Music is also used as a social indicator of their values, attitudes, and self-views. Despite different populations, age groups, and cultures people's self-views and self-esteem were seen to influence their music preferences. (Rentfrow, 2003)

Research also links emotional states and physiological arousal. We know that anger tends to be associated with a high heart rate, happiness with a moderate heart rate and depression with a low heart rate. (Rentfrow, 2003) Accordingly angry music is depicted as highly energetic, happy music as moderately energetic and depressing music as least energetic. As the EEG study shows, sometimes biochemical and physiological changes occur despite no emotional changes due to the influence of music. To regulate our moods it has been theorized that individuals may choose a tempo of music that is consistent with the heart rate that characterizes their current or desired emotional state. (Rentfrow, 2003)

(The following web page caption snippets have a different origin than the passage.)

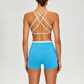 Wholesale Women's Color Block Cross-Back Sports Bra & High-waist Short (Pre-sale)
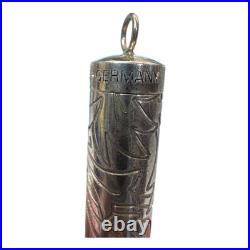 Tiffany & Co Sterling Silver Engraved Leaf Ballpoint Pen Bail For Chain Bag Box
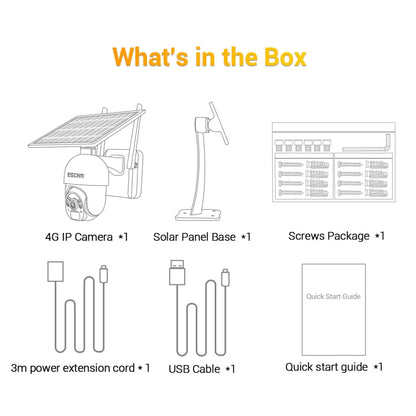 ESCAM QF450 HD 1080P 4G US Version Solar Powered IP Camera with 64G Memory, Support Two-way Audio & PIR Motion Detection & Night Vision & TF Card, with 64G Memory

Nicholas Cook (1998) puts the influence of music on our social behavior succinctly: "In today's world, deciding what music to listen to is a significant part of deciding and announcing to people not just who you "want to be"... But who you are." (Cook 1998)What researchers need to realize however that to truly assess the impact of music on personality other facets of people's everyday lives must be integrated into the research repertoire.


Anderson, Craig A., Carnagey, Nicholas L. And Eubanks, Janie. "Exposure to Violent Media: The Effects of Songs With Violent Lyrics on Aggressive Thoughts and Feelings." Journal of Personality and Social Psychology 84.5(2003): 960-971

Cook, N. Music: A Very Short Introduction. Oxford: Oxford University Press.1998.

Field, Tiffany; Martinez, Alex; Nawrocki, Thomas; Pickens, Jeffrey; Fox, Nathan A., Schanberg, Saul. "Music shifts frontal EEG in depressed adolescents. (electroencephalography)." Adolescence, Spring, 1998.

Hargreaves, D.J. And North, A.C. (ed.). The Social Psychology of Music. Oxford: Oxford University Press.1997.

Hargreaves, D.J. And North, A.C. "The functions of music in everyday life: redefining the social in music psychology." Psychology of Music, 27(1999): 71-83.